NEW YORK -- Richard Krajicek's first serve in yesterday's match was supposed to send Stefan Edberg a message. Instead, it was Krajicek who got the message.
"If you were looking for signs, it was probably the first one," said Krajicek. "A big first serve and he hits straight away a big forehand winner. . . . Yes, a big sign. I knew from the beginning it was going to be a difficult match."
Aging grace met young power at the U.S. Open, and to the delight of the large Center Court crowd, it was Edberg, playing his last Grand Slam tournament, who made grace prevail for a 6-3, 6-3, 6-3 victory reminiscent of more youthful days.
"He put me away so fast," said Krajicek, 24, this year's Wimbledon champion. "There was not even time to get nervous when you get killed like that."
The victory over the fifth seed moves Eberg into the second round, where he will meet Bernd Karbacher, a 7-5, 6-3, 5-7, 7-5 winner over Jonathan Stark.
"It's an upset on paper, but it's a little upset, I would say. Not a huge one," said Edberg, allowing himself a rare shoulder-shaking laugh. "I still have my days where I feel great out there physically, where I really feel I'm doing the right things. There are days when it's -- for one reason or another -- not there. You don't understand why, and that's the big problem. That's what has been happening over the last period of time, and I don't know why.

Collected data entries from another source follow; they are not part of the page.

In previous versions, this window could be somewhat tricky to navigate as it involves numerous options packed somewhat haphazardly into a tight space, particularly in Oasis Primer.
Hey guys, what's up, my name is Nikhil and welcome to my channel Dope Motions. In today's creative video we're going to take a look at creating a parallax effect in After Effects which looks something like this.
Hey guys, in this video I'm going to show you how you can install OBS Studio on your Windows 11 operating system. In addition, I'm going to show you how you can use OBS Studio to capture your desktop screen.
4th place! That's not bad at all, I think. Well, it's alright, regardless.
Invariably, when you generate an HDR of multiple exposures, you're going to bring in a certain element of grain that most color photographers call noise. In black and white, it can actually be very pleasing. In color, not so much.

It just happens."
And it's because of that unfathomable inconsistency that Edberg, at the relatively early age of 30, is retiring at the end of this season. This is his last Open and 54th consecutive Grand Slam. The last time for the fans here to appreciate his impeccable manners, his graceful play and his traditional starched white tennis togs.
He is nearly the last of a breed of tennis player: the kind who strategizes points, the last to embrace the volley as a weapon and the last to always behave as a gentleman. No one has ever seen him do less than his best.

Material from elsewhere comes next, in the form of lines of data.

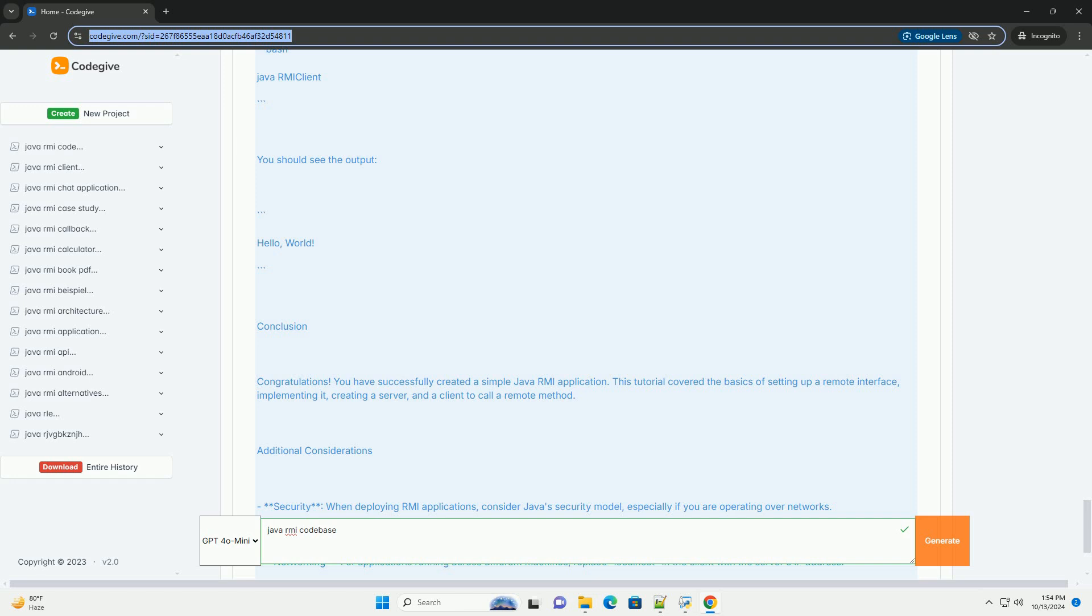Networking: For applications running across different machines, replace localhost in the client with the server's IP address. This example serves as a basic introduction to Java RMI. You can expand this by adding more complex data types, error handling, and exploring features like RMI over IIOP for interoperability with CORBA.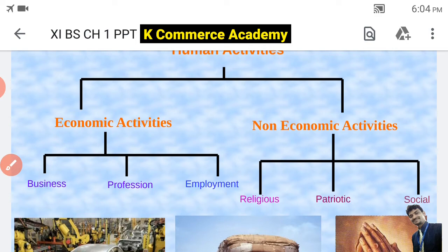The economic activities are mainly three — business, profession and employment. We will learn about business, profession and employment in detail in our next video. If you like this video, please like and share. Thank you.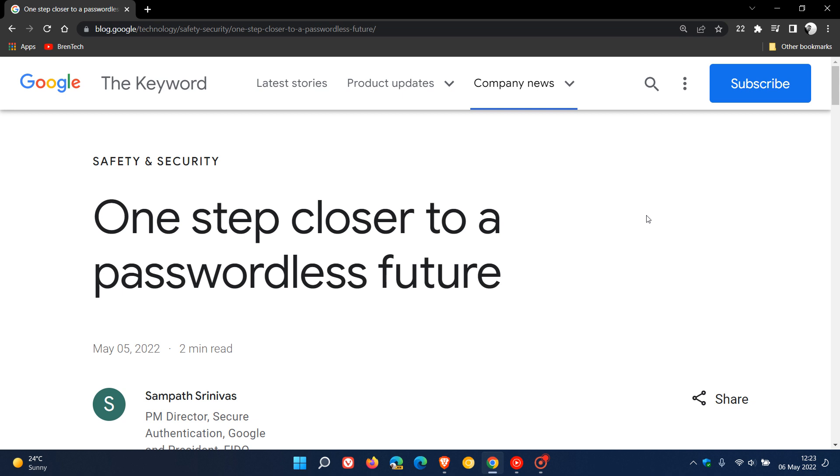So the long and the short of all this is that this will simplify your different sign-ins across your different devices, websites and apps that you are using, regardless of the platform and operating system that you are running, and obviously without having to enter any passwords.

"I think when you see Stefan, you see a real champion," said Krajicek. "After 15 years, I think he's playing on the tour, he's still got the aggressiveness and the desire to win every match."
When he is gone, there will be only Boris Becker and Pete Sampras, and even they cannot lay claim to all of Edberg's attributes.
"If you're looking for a role model for kids, I think he's your guy," nTC said Sampras, who beat Jimy Szymanski, 6-2, 6-2, 6-1. "He's one of the nicest guys we have on the tour. He just goes out and plays, and I've always looked up to him when I turned pro, the way he presented himself, just a class act."
It's why he now hears voices singing out encouragement to him in the crowds who watch him play.
"It's sort of like a pleasant background music, and that's how it should be," he said. "I had a lot of support [yesterday], and it is always a great help. I'm feeling very good being here in New York. Much better than for a long time."
For a number of years, Edberg didn't like the Open. It was noisy and disconcerting and "very, very tricky." But then he made a couple of semifinals and won for the first time in 1991. After that, his perspective changed.
"Since I won the first time, I've loved it ever since," he said.
Especially 1992. It was that year that Edberg had heard criticism of his fortitude and set about changing everyone's mind, and, strangely, it was Krajicek who played a role in the turnaround.
It was the fourth round and Edberg was down a service break in the fifth set to the young native of the Netherlands. Edberg rallied to win that match. And then he followed that up by coming back from service breaks down in the fifth sets of his next two matches against Ivan Lendl and Michael Chang, and then he beat Sampras in the five-set title match.
"Stefan is someone that's pretty quiet and not emotional," said Sampras. "But winning four straight five-setters to beat me in that final, well, deep down I think he's got it.
"That was the most special Open," said Edberg. "The way I won it, being down all the time and playing all those five-setters. That's probably, tennis-wise, the biggest achievement of my career."